◆ **Exercise aim**: Of all the entries below, only the lines from the one with "POMPIERS DU VAR VTUP" up to and including the one with "رئيس تنفيذية انتقالي" are to be duplicated exactly.

◆ **Information supplied**:

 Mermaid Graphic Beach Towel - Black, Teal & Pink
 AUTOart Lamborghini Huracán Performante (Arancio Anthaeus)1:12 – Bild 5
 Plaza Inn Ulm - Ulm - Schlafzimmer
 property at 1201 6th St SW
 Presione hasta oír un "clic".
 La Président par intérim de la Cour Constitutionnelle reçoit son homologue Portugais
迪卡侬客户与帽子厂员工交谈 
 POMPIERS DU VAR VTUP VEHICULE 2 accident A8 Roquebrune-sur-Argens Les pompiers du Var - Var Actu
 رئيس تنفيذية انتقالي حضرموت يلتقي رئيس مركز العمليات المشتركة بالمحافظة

==

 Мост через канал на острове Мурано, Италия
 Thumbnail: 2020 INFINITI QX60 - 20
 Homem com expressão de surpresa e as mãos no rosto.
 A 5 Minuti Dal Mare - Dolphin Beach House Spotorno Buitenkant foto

◆ **Completed task**:
 POMPIERS DU VAR VTUP VEHICULE 2 accident A8 Roquebrune-sur-Argens Les pompiers du Var - Var Actu
 رئيس تنفيذية انتقالي حضرموت يلتقي رئيس مركز العمليات المشتركة بالمحافظة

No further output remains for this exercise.